Approaches for achieving TREC’s goal of developing new research questions, methods, and analyses by working across disciplines included strategic use of funding to support training activities and development projects, as well as providing a variety of venues for promoting scientific interactions. Developmental pilot projects provide opportunities for junior and senior investigators to critically review data and discuss emerging scientific ideas and methodologies. An annual retreat features a keynote talk by a scientific world leader who models cells to society research as well as updates from core projects and from colleagues who present new research broadly related to TREC goals.

The shared conceptual framework, or scheme, that incorporated all of the Penn TREC projects in the same model, was clear from the outset at Penn, because of the tight linkages between projects. Multiple collaborators convened to articulate, describe, and create the visual scheme representing this framework. The first of the three projects is largely independent of the others, given that the subjects are mice, yet there was a clear expectation that it would work closely with the human project. The second and third projects are inextricably linked, with monthly joint investigator meetings held quarterly in years 2 and 3 to clarify goals and logistics, develop shared mental models, and facilitate team learning. The process of mutual information sharing was streamlined in several ways. For example, the director of the small animal laboratory core for the IDOM regularly attended meetings for the first project and began to provide valuable feedback on murine experiments to the cancer biologists running this study.

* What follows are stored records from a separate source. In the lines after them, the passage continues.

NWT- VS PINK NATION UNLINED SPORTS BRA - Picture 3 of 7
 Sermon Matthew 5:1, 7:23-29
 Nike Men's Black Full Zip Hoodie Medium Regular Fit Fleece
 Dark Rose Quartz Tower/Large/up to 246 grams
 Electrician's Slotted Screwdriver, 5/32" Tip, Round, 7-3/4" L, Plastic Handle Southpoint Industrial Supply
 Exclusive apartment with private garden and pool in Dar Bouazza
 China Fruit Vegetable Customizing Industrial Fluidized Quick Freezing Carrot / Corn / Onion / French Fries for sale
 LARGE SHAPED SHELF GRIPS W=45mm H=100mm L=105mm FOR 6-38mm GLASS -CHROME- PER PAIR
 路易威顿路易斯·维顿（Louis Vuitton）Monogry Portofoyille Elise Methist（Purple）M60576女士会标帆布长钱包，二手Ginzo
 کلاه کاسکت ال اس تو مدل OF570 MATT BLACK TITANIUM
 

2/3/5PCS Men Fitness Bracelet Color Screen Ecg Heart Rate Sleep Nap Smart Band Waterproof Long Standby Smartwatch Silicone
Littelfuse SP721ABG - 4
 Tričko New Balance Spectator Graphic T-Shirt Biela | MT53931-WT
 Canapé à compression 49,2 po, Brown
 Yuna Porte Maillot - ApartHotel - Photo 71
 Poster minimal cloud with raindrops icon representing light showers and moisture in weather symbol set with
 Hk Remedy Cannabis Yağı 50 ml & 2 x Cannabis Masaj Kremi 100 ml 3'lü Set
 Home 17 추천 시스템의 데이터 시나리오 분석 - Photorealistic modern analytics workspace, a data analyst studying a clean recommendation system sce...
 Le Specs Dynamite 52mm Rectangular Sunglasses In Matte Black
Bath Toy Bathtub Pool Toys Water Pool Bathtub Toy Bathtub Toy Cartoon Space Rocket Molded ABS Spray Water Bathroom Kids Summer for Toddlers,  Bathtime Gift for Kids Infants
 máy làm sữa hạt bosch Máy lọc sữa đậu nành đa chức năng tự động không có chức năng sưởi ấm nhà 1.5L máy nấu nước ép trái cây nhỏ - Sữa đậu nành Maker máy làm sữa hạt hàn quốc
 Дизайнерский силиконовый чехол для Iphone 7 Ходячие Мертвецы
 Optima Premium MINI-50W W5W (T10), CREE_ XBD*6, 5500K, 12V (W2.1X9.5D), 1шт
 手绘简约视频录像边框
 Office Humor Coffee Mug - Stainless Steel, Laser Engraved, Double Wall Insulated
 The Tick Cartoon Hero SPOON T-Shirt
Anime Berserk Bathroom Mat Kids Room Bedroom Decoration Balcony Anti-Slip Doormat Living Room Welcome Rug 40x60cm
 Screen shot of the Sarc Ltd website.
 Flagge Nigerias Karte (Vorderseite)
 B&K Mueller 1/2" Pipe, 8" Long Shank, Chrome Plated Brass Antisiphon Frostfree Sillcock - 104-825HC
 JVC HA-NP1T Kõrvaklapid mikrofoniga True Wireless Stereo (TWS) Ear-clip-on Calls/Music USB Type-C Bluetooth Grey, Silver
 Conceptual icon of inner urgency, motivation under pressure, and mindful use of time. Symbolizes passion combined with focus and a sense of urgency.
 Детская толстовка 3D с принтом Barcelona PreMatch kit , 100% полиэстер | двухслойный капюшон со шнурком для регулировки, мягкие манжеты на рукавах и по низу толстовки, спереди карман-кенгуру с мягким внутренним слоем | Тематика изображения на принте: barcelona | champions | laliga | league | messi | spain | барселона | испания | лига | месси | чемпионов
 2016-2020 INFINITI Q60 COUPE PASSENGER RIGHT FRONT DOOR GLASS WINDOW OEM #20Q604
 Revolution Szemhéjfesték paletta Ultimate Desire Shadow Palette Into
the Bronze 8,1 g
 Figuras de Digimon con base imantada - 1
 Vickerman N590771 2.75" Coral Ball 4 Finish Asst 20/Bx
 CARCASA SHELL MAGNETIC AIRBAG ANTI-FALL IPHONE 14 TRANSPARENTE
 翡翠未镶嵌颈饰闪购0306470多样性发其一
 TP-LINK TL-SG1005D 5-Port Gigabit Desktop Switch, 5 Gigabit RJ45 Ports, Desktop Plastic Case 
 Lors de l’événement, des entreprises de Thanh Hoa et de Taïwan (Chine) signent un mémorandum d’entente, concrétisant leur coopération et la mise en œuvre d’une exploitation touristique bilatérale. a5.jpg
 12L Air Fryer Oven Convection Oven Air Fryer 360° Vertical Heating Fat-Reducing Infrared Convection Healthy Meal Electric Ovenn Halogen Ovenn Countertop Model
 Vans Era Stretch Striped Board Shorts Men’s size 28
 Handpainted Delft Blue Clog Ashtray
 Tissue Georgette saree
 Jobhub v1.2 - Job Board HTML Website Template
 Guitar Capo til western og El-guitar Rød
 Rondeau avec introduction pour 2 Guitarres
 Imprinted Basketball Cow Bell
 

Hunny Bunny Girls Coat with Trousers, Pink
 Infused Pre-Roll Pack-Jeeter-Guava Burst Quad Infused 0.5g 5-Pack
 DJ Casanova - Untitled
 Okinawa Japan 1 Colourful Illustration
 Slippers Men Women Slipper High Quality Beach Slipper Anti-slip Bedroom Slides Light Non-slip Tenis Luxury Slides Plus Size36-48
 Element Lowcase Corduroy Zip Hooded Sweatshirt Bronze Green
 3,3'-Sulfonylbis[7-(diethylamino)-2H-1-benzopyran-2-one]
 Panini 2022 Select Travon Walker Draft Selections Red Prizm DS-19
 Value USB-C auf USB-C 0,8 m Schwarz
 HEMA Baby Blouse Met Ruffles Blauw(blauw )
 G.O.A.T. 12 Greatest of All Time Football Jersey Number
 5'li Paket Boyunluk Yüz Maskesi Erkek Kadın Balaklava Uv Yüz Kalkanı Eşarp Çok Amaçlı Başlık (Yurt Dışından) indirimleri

A key external component of Penn’s implementation phase was the formation of an Internal Advisory Board (IAB), selected from leaders of each of the University of Pennsylvania research institutes of which the center investigators are members (e.g., Leonard Davis Institute of Health Economics and the Abramson Cancer Center). The IAB provides outside perspectives on the TREC’s functioning and reviews and evaluates the TREC’s activities. It also provides perspectives that, while internal to the university, come from outside of the TREC site, and therefore can be more objective in a way that TREC investigators could not be.

At Washington University, the projects and cores were implemented during the first months after funding. At first, they operated separately, with some resistance to the aims related to transdisciplinarity. Investigators expressed concern that fulfilling the TREC site’s (NIH) specific aims was difficult enough without additional expectations and requirements. This concern continued through the first annual meeting with the TREC’s External Advisory Board (EAB), whose members come from outside Washington University. The EAB challenged the group to create a shared conceptual model, which was developed in the next months and vetted by the TREC’s own Executive Leadership Committee. This was done by a method of externalizing cognition [7] in which maps and diagrams were generated to portray how each project, and ultimately each discipline, fit into the Washington University TREC as a whole. This conceptual model was expanded during the second IAB meeting, six months after the first, during which project leaders were asked to discuss their progress. After these updates of progress, a panel of project leaders and investigators funded during the first round of within-TREC developmental funding used an unstructured and fast paced approach to iteratively and spontaneously generate a list of possible future collaborations that they would undertake in the future. This fast-paced panel discussion was fueled by the content of earlier presentations by project leaders. This unstructured process that was used to generate the list of potential collaborations generated a number of new ideas that extended beyond the original goals of the projects.

While the WU TREC remains in its implementation phase, project and core investigators increasingly have influenced the science of one another’s projects, supported by cores. As an example, the Statistical Methods and Bioinformatics Core helped the animal model project to adapt statistical regression to analyze differences in cell proliferation between two groups of mouse pups, those whose mothers were fed high calorie diets and those who were not. Using statistical regression to compare small groups, such as with rodent models, was critical to being able to compare the animal experiment with human counterparts. This adapting statistical regress, previously used in human studies, proved critical to the cross-project science of the Washington University TREC site [12]. This project had initially planned to focus on female pups, but switched its focus to male pups, based on ideas generated in collaboration with the prostate clinical project. This has the potential to extend scientific knowledge on primarily female-related cancers like breast cancer to male-related cancers like prostate. The group of TREC investigators is in the process of soliciting and selecting new developmental projects based upon shared ideas that have been generated rather than choosing projects de novo.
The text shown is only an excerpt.